RegEx - Extracting Strings (part 2 of 2)

In the last article, we learned how to write and match a regex. Now we'll look at how to extract the string that matches the regex in Java.

Remember,

  1. If we want to match a character that has a special meaning in regex like . then we need to prefix it with a backslash \.

  2. Also in Java, if we are using a backslash \ inside double quotes then we need to prefix it with another backslash.

The Pattern & Matcher Class

As we already know, Regex is a language on its own that we can compile and store in an object of type Pattern.

String regex = "\\d{3}";
Pattern pattern = Pattern.compile(regex);

Now, to actually match this regex to a test string we can use a Matcher class like below. Matcher is the engine that would match the regex with the test string.

String testString = "999";
Matcher matcher = pattern.matcher(testString);

To check if the testString is matching with the regex, we use matcher.matches() method.

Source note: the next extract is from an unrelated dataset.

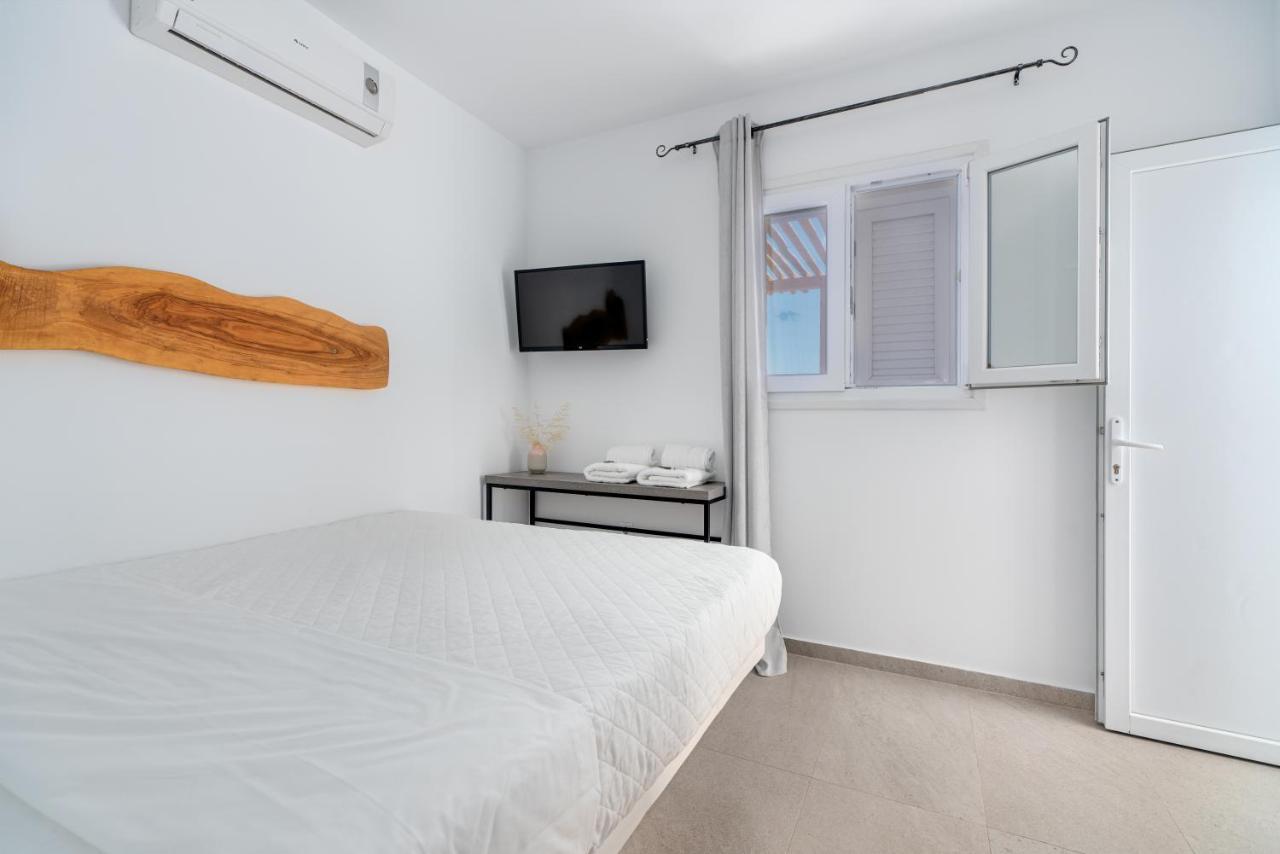 Il Vento Suites Mykonos Town ภายนอก รูปภาพ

It will return true if it matches and false otherwise.

System.out.println(matcher.matches());    
// returns true since the string 999 matches the regex \d{3}

Capture Groups

Using () parentheses, we may group a pattern in regex and extract any of the groups that we want using an index of that group. These groups are known as "capture groups".

Let's say we have a mobile number in the format +91 99988887777. To match mobile numbers that are in this format, we can write regex like +\d{1,3}\s\d{10}

RegexExplanation
+\d{1,3}Represents the country code i.e. +91. A country code can be of 1 digit hence specified the minimum number as 1 and can go up to 3. Hence specified maximum is 3.
\sTo match the space between the country code and mobile number.
\d{10}To match the actual mobile number that should be 10 digits.

To create groups, we wrap the part of regex around ( ). So (+\d{1,3}) will be one group for the country code and (\d{10}) will be another group for the mobile number. Since we are not interested in \s, there is no need to put it in a group.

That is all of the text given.